Environmental policing a duty for all citizens

If the Deputy Chief Co-ordinator at the Interim Co-ordinating Secretariat on Mau Forest Restoration John Sang is to be believed, climate change is at its worst level.

And as the country records extreme swings in weather conditions and climate, the resultant drought, desertification and flooding are visiting misery upon swathes of population.

All these are facts showing that mankind is his own worst enemy.

The sustained burning of indigenous trees in the vast Mau Forest and large areas of Eastern Province for charcoal to feed wood fuel-hungry urban stoves is a case in point.

Up in smoke

But again, it seems it is a business that is paying big-time going by the charcoal sack stacked lorries we see lumbering through our neighbourhoods.

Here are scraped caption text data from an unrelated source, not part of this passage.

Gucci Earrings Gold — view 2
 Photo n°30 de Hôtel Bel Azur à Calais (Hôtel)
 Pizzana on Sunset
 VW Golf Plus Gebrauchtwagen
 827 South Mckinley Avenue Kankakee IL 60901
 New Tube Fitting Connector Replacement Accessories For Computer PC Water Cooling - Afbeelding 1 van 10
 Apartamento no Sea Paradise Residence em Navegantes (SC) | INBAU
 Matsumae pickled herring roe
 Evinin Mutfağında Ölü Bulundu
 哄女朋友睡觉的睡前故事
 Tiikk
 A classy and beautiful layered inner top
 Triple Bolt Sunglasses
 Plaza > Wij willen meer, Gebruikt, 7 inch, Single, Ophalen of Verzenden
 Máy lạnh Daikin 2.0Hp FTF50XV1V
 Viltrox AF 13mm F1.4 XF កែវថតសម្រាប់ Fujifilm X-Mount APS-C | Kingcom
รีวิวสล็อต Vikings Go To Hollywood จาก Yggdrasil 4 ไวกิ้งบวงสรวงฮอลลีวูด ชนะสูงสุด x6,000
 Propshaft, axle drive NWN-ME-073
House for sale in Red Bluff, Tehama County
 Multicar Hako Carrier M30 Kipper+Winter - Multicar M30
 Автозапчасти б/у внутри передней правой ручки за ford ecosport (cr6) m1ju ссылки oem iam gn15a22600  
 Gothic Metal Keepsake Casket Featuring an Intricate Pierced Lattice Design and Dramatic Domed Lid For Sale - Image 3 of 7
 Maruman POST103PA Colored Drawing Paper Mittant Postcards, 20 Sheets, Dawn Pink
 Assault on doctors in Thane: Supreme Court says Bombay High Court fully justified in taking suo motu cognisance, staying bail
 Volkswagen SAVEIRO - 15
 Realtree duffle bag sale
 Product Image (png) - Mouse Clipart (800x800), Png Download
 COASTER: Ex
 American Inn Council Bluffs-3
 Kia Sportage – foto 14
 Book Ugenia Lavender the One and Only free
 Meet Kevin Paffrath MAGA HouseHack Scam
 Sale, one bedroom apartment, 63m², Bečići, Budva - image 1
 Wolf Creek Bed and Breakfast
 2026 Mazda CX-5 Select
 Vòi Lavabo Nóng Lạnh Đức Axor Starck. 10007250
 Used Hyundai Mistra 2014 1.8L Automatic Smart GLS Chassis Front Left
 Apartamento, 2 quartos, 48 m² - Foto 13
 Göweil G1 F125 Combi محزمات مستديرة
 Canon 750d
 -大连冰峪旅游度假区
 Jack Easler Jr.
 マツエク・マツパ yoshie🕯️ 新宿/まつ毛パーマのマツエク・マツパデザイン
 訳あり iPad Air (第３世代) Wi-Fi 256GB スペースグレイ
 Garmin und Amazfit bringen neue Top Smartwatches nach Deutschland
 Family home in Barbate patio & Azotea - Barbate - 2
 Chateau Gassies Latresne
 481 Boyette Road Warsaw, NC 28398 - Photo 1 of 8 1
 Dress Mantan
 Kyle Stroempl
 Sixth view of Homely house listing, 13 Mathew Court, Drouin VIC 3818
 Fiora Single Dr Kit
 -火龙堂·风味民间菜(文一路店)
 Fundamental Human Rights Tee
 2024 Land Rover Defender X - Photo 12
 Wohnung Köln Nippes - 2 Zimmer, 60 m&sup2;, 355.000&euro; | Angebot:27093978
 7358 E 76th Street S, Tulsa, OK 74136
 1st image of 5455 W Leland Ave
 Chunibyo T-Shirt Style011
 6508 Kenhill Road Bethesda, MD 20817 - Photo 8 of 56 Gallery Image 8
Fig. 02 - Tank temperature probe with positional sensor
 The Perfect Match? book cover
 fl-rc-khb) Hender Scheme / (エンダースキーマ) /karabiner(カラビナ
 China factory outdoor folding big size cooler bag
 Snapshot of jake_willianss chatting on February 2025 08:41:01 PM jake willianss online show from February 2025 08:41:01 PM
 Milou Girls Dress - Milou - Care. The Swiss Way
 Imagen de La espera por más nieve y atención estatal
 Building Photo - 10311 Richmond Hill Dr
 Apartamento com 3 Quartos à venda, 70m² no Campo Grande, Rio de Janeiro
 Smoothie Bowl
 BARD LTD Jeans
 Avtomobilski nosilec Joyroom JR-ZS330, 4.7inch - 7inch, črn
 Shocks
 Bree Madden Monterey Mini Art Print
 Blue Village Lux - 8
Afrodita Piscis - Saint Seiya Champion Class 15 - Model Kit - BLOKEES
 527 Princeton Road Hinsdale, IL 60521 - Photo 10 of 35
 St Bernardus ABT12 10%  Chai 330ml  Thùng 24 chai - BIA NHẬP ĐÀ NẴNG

In Kitui, Kisumu, Kisii and several other districts, sand harvesting is leaning crater-size holes that eventually cave in and cost human lives or leave the areas unsuitable for any other sustainable land use.

The Kenya Forest Service rangers, police and Provincial Administration who look the other way after palming a miserly inducement are letting our forest cover literally go up in smoke.

Thirst for more urban settlements to shelter a burgeoning population is fuelling the sand trade. And all we can say is: Let the National Environmental Management authority (Nema) put its house in order!

But what about the rest of us who watch these goings-on silently and see no evil in degrading our shared biodiversity, hear nothing of the clinking coins that change from one greasy hand to another?

Environmental policing is a shared duty for all humanity. Drought in northern and eastern Kenya has impacted upon other lives elsewhere. The Mau deforestation has life-threatening ramifications right up to Alexandria.

And who said Kenya environmental resources should be left to Nema to defend? Wake up Kenya. As county citizens, you shall soon hold the fate of your immediate homeland in your hands.